(INPUT MATERIAL begins)

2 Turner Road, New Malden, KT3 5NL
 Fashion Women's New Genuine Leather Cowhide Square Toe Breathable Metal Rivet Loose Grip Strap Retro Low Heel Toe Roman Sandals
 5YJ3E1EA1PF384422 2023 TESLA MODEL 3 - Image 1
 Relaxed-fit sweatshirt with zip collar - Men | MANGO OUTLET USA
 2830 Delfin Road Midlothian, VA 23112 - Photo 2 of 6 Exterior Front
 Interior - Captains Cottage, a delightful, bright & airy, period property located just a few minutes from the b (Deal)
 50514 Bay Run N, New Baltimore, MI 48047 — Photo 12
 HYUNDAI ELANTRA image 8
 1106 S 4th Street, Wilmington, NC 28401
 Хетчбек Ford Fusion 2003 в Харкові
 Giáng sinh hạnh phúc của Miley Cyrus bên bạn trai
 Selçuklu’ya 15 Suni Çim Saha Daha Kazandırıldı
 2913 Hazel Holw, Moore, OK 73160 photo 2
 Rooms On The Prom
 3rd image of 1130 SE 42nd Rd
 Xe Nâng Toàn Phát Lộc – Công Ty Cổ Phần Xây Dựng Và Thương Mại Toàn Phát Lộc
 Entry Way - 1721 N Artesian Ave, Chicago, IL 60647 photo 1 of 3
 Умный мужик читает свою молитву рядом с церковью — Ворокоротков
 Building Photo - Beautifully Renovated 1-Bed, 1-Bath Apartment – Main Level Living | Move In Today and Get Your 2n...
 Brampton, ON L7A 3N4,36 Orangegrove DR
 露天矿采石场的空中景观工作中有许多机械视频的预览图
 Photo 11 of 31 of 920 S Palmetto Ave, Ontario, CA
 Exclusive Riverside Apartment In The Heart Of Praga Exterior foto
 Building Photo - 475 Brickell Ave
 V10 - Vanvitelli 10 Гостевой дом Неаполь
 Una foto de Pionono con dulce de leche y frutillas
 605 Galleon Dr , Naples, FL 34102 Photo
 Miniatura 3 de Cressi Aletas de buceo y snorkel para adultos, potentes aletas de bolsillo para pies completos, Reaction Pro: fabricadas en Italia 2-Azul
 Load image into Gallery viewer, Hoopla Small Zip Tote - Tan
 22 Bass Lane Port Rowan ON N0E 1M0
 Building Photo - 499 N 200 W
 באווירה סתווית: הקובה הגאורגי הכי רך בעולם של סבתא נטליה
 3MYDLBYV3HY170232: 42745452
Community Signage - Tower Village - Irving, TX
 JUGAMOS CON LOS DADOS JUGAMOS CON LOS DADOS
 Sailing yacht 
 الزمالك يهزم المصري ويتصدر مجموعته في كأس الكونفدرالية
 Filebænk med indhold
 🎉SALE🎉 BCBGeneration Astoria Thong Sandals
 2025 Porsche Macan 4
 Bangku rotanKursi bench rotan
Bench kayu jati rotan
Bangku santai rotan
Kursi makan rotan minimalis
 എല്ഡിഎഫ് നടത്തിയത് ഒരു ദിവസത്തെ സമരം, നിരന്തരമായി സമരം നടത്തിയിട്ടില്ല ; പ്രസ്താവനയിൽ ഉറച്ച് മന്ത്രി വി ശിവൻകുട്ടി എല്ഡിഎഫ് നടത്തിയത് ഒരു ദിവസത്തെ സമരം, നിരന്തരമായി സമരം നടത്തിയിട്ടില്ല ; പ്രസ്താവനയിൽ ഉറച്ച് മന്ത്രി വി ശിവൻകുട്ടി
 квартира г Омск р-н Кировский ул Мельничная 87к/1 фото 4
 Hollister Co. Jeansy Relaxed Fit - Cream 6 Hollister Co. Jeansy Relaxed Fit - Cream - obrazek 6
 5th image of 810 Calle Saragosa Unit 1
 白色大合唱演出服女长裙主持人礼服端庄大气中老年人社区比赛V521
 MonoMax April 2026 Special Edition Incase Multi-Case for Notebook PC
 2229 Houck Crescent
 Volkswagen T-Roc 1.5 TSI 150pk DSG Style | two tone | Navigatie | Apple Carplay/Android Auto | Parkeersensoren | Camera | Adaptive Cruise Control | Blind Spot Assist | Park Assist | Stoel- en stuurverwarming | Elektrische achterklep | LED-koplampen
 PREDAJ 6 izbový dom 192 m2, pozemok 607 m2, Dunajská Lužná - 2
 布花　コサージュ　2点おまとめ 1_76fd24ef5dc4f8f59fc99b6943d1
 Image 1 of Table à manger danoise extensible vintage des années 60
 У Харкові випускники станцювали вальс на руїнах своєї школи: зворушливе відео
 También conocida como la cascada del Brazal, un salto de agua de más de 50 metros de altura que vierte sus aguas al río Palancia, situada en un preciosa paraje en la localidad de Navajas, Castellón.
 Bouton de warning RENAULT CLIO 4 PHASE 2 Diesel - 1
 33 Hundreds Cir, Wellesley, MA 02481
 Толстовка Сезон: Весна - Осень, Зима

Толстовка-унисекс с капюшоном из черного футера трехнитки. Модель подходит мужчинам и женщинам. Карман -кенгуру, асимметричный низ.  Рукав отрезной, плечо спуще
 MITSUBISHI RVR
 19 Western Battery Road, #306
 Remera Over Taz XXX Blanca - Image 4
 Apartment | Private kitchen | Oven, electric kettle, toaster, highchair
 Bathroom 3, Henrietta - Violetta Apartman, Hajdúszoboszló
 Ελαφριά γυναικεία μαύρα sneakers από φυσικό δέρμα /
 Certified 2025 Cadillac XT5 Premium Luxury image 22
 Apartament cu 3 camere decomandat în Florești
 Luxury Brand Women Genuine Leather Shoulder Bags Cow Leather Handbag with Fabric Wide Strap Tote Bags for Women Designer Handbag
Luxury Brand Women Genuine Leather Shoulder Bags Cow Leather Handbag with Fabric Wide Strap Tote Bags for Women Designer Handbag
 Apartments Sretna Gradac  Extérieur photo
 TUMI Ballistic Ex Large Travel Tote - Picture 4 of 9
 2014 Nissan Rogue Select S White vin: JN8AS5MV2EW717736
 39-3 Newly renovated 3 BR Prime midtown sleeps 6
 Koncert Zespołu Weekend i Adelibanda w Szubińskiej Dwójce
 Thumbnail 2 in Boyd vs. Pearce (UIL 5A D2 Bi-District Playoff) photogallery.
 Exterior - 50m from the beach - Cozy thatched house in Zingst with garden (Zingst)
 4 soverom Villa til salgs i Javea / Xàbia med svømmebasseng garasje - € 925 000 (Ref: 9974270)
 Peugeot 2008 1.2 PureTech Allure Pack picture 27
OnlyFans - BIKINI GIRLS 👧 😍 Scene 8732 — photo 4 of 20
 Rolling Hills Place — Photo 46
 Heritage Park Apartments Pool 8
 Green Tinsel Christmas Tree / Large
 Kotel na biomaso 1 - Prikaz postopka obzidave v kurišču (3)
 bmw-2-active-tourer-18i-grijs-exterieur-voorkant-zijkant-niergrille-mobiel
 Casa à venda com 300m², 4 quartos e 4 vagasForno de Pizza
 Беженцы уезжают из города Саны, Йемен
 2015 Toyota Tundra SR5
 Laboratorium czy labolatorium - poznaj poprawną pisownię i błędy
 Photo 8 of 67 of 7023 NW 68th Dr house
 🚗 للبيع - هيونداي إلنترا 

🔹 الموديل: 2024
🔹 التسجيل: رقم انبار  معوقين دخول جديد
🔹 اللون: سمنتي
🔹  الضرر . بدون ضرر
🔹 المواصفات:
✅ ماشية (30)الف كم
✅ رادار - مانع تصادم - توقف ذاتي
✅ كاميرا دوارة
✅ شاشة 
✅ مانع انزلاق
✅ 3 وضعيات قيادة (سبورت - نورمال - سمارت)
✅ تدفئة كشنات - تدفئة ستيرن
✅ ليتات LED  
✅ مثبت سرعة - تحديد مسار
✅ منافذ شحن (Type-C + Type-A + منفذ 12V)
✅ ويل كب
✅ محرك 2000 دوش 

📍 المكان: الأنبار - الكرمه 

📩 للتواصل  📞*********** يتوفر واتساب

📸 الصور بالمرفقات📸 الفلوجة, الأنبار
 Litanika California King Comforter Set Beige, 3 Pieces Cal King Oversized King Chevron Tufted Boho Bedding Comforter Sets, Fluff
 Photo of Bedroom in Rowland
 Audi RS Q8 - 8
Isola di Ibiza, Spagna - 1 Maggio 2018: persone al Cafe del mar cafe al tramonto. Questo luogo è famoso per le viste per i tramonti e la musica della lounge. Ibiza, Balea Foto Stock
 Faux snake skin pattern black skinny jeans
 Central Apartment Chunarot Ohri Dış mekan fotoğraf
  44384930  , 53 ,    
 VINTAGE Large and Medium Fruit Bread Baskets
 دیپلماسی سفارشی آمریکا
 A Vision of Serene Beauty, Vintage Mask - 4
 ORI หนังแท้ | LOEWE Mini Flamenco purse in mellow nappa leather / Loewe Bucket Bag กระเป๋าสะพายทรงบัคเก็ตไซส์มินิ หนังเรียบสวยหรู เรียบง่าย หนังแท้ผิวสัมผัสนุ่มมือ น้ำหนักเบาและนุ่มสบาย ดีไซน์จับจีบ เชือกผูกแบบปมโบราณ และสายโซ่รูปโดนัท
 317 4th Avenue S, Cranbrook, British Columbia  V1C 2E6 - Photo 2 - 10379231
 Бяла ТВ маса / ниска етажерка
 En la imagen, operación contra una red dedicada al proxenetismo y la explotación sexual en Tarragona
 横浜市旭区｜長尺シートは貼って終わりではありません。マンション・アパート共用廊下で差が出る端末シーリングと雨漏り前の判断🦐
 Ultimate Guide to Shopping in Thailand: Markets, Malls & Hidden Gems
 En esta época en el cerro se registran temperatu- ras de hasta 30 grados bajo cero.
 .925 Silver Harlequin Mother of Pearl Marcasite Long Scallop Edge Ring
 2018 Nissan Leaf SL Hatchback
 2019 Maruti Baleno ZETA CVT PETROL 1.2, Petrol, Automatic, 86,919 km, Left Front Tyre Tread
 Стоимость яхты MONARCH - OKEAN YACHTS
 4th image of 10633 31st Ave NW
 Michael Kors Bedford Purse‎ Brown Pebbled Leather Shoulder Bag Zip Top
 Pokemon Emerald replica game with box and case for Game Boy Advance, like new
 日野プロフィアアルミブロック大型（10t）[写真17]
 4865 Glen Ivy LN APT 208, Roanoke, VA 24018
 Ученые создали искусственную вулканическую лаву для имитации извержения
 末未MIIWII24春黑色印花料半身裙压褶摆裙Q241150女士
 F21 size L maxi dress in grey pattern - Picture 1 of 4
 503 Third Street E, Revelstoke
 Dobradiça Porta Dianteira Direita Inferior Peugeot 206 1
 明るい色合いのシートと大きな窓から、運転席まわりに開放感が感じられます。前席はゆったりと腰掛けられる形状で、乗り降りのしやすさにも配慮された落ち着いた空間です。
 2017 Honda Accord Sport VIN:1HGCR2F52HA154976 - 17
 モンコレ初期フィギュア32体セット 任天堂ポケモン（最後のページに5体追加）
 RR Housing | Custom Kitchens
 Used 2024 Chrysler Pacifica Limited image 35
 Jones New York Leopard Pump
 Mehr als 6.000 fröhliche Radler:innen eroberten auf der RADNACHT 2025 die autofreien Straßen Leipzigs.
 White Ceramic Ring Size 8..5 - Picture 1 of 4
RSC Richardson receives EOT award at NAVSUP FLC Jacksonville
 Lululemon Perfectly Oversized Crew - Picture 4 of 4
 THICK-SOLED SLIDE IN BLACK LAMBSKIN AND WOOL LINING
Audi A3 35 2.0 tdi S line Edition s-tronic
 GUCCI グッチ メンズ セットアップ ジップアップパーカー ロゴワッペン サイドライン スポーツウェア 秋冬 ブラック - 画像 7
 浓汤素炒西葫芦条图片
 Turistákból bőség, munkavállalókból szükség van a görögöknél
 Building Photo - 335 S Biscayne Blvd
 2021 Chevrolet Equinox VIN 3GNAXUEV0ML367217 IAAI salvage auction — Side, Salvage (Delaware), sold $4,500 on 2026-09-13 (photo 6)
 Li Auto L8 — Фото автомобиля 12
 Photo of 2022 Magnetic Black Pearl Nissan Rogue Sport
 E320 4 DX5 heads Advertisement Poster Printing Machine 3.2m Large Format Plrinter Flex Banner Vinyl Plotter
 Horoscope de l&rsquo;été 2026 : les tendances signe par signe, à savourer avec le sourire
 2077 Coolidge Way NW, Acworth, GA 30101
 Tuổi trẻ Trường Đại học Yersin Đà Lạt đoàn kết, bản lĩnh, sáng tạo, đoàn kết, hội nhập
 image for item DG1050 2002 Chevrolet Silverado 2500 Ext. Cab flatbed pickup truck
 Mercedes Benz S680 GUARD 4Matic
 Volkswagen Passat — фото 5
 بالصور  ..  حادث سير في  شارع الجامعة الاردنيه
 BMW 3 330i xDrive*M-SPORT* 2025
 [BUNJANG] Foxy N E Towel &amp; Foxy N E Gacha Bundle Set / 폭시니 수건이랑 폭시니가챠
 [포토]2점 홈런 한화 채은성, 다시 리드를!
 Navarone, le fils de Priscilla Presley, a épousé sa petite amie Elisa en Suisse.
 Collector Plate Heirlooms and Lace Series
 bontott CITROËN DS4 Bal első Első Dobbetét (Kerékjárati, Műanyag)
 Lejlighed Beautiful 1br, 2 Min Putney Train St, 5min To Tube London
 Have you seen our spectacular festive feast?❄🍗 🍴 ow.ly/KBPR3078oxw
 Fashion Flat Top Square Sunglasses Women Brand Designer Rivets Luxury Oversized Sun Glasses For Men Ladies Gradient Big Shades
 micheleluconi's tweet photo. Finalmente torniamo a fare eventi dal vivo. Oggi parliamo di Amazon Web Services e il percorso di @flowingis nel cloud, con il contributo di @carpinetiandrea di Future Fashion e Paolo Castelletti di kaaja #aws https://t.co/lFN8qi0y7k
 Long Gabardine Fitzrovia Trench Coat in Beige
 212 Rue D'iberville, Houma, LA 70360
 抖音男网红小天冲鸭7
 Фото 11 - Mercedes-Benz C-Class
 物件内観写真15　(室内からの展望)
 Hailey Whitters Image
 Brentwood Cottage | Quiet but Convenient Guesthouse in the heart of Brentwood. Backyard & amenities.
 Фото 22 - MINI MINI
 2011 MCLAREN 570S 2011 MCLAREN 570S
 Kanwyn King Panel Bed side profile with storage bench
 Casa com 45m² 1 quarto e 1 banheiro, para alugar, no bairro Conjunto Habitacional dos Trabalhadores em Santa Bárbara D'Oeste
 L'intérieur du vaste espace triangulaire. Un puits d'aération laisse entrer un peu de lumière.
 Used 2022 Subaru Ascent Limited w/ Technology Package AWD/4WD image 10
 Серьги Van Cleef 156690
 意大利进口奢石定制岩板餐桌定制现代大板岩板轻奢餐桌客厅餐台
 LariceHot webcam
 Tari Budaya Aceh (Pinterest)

(INPUT MATERIAL ends)

▶ **ASSIGNED TASK**:
From the records above, reproduce exactly the lines from the one with "布花　コサージュ　2点おまと" to the one with "Толстовка-унисекс с капюшоном", both included, and no others.

▶ **RESPONSE TO THE TASK**:
 布花　コサージュ　2点おまとめ 1_76fd24ef5dc4f8f59fc99b6943d1
 Image 1 of Table à manger danoise extensible vintage des années 60
 У Харкові випускники станцювали вальс на руїнах своєї школи: зворушливе відео
 También conocida como la cascada del Brazal, un salto de agua de más de 50 metros de altura que vierte sus aguas al río Palancia, situada en un preciosa paraje en la localidad de Navajas, Castellón.
 Bouton de warning RENAULT CLIO 4 PHASE 2 Diesel - 1
 33 Hundreds Cir, Wellesley, MA 02481
 Толстовка Сезон: Весна - Осень, Зима

Толстовка-унисекс с капюшоном из черного футера трехнитки. Модель подходит мужчинам и женщинам. Карман -кенгуру, асимметричный низ.  Рукав отрезной, плечо спуще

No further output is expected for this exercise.